I don’t know if the Bishop should excommunicate her for supporting the bill, but he should probably do it over the letter. It is kind of like asking the principal not expel you for foul language by writing a letter that says “Please don’t @#$%! expel me!”
In a Friday letter to Bishop Nereo Odchimar, president of the Catholic Bishops’ Conference of the Philippines (CBCP), Sen. Miriam Defensor-Santiago defended the proposed legislation as a way to “liberate the poor from social, political, and economic oppression.
“If I were to be excommunicated, I would be expelled from the Church, more particularly from the Eucharist. I would thus be placed in the same category as those guilty of so-called serious sins, such as apostasy, murder, heresy, and adultery. [There is a reason for that.] I plead that I am not guilty of mortal sin,” [I swear officer, that guy stepped right in front of my bullet.] her letter continued, according to ABS-CBN News.
Citing Church teaching that mortal sin is “a fundamental rejection of God and a reorientation of one’s whole life away from all that is good and just,” Sen. Defensor-Santiago described herself as “a strong advocate of social justice, particularly the anti-corruption crusade.” [So I am against corruption, everything else is negotiable]

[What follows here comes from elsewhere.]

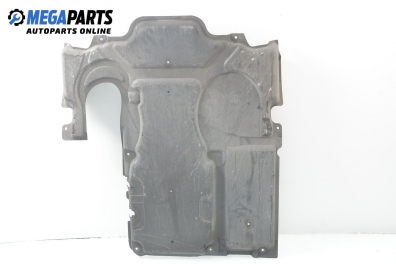 Motor-aufliegerplatte for Mercedes-Benz E-Klasse 211 (W/S) 3.2 CDI, 204 hp, sedan automatic, 2007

The senator said she had been taught to implement “liberation theology,” which in her view means that believers achieve salvation by liberating the poor from oppression. [Yawn]
“This is what I am trying to do with my bill,” she added.
She stated “respectfully” that the penalty of excommunication for bill supporters would be “too extreme and disproportionate” and will raise constitutional issues about the church-state relationship. [Is that a threat?]
The senator also challenged Catholic teaching on contraception reiterated in Pope Paul VI’s 1968 encyclical “Humane Vitae.”
“I am humbly but morally convinced that the arguments for contraception are superior,” she said. [Gotcha, adios!]
Her letter repeated many common objections of those who dissent from “Humanae Vitae.” She cited disagreement on the commission which advised Pope Paul VI and claimed opponents of the Philippines bill “fail to recognize the evolutionary character of Church teaching.” She also said that natural law theory is “already obsolete.” [Church teaching has to evolve. I mean its not like Jesus, living 2000 years ago if he lived at all, could have foreseen our challenges today. Its not like he is God or something. I mean, Jesus, get with the times already!]
Defensor-Santiago also cited the Second Vatican Council’s Declaration on Religious Freedom, which says no one should be forced to act “in a manner contrary to one’s conscience” or should be restrained from acting in accord with one’s conscience.
Natural law obsolete. The arguments for contraception are ‘superior.’ Liberation theology.
If nothing else, she should be excommunicated for being boring. Then again, I suppose there is no such thing as an original heretic.
So tell me now. Who here finds the tactic “I will shoot one hostage every hour until I am acquitted of these ridiculous murder charges,” to be an effective argument?